Alerj aprova 5% para serventuários

Após a votação, o Sind Justiça fez uma assembléia e decidiu manter a greve, que dura quase 2 meses

Alessandra Horto


Rio - Aumento para os serventuários de 5% a partir de setembro. Essa foi a decisão final da Alerj (Assembléia Legislativa) que, após uma votação apertada, definiu ontem os novos salários de 20 mil serventuários do estado. O projeto de lei original indicava 7,3% de aumento retroativo a maio. Após a votação, o Sind Justiça (Sindicato dos Servidores do Poder Judiciário) fez uma assembléia nas escadarias da Casa e decidiu que vai manter a greve, que já dura quase dois meses. “Se eles tivessem concedido os 5% de aumento retroativos a maio, teríamos chances de recuperar as perdas, entraríamos em um consenso e terminaríamos a greve, mas assim, fica difícil”, explica Alzimar Andrade, membro do comando de greve. O objetivo agora é reivindicar que a data-base da categoria seja cumprida. A data determina que qualquer reajuste tem que valer a partir de maio. Contudo, parte da Alerj vetou essa data e aprovou o aumento retroativo a setembro.

O sindicato também vai lutar por outros benefícios junto ao Tribunal de Justiça, como pagamento de vale-transporte e creche para crianças de até sete anos.

Segundo o Sind Justiça, o deputado Paulo Ramos (PDT) informou para o comando de greve que o salário pago em dezembro já será depositado na conta dos serventuários com o aumento, mais três meses de retroativos (setembro, outubro e novembro), além do 13º salário. Tudo isso em 10 de dezembro.
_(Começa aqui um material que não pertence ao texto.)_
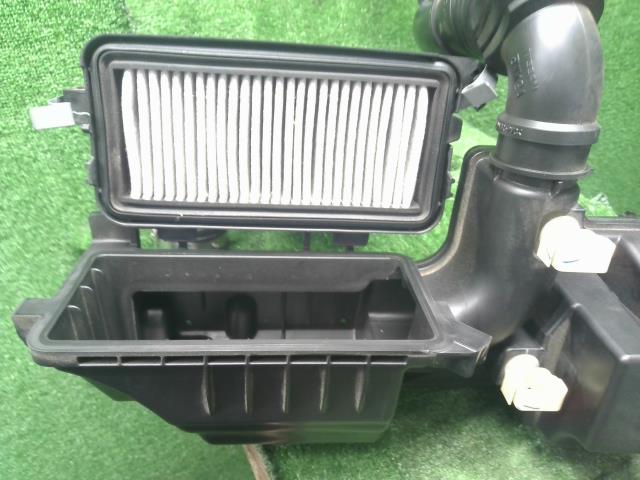 【中古】キックス 6AA-RP15 エアクリーナー 16500-5R70A 自社品番250422 QAB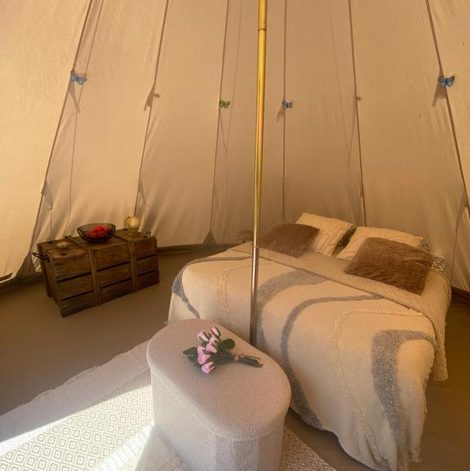 Tipi Les Pichies, Le Tipi d'Adri, Logement insolite dans l’Allier avec terrasse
Apesar de ter recebido na terça-feira a liminar da 15ª Vara Federal, que determina o retorno de 50% dos serventuários a trabalho, o sindicato informou que não vai cumprir a decisão. Eles ingressaram ontem com pedido de suspensão da liminar, pois defendem que as causas mais urgentes estão sendo atendidas, como habeas-corpus. Segundo o comando de greve, a decisão de manter a greve é individual. Não é o sindicato que manda.

COMO CALCULAR

Se o governador Sérgio Cabral sancionar o projeto antes de fechar a folha de pagamento deste mês, o funcionalismo recebe em dezembro o novo vencimento. O salário inicial de um técnico judiciário, com Ensino Médio, é de R$ 1.800. Analistas judiciários, com formação Superior, recebem inicialmente R$ 2.400. Técnico judiciário com salário de R$ 1.800 passa a receber em dezembro R$ 1.890. Além de R$ 270 relativo aos atrasados. O salário de dezembro vai chegar com mais R$ 360. Para analista judiciário que recebe R$ 2.400, o vencimento a partir de dezembro será de R$ 2.520. Retroativos somam R$ 360. Total de R$ 480 a mais na conta. Para calcular o novo salário em cima do seu vencimento real, multiplique o salário atual por 1,05. Para saber o valor dos retroativos, subtraia do salário novo o anterior e multiplique o resultado final por três.

SESSÃO SUSPENSA

Se os ânimos estavam exaltados do lado de fora da Alerj e nas galerias do plenário, o clima não era diferente entre os parlamentares. Quando a emenda que determinou 5% de aumento foi aprovada por apenas dois votos de diferença (32 contra 30), alguns deputados contestaram o placar e pediram que a lista de votação fosse impressa para que os presentes pudessem conferir. O presidente da Alerj, Jorge Picciani (PMDB), suspendeu a sessão por três minutos. Depois de verificar a lista, os deputados que lutavam contra os 5% lamentaram a derrota, assim como todos os serventuários. A emenda que concedia o aumento a partir de setembro, em vez de maio, também foi aprovada com o placar apertado (31 a 29). Para Alessandro Molon (PT) o retroativo se remeter a setembro foi mais grave, já que a própria Alerj aprovara maio como data-base dos serventuários.

DEFESA DO GOVERNO

O líder do governo, deputado Paulo Melo (PMDB) justificou que a aprovação do aumento a partir de setembro é mais um exemplo da intenção do governador de estipular esse mês como data-base para todo o funcionalismo estadual. Ele disse que se arrependeu de ter sido um dos responsáveis pela aprovação do mês de maio para a Justiça. A oposição acredita que a redução do aumento para os serventuários, pode prejudicar a negociação do reajuste para o Legislativo e o Ministério Público.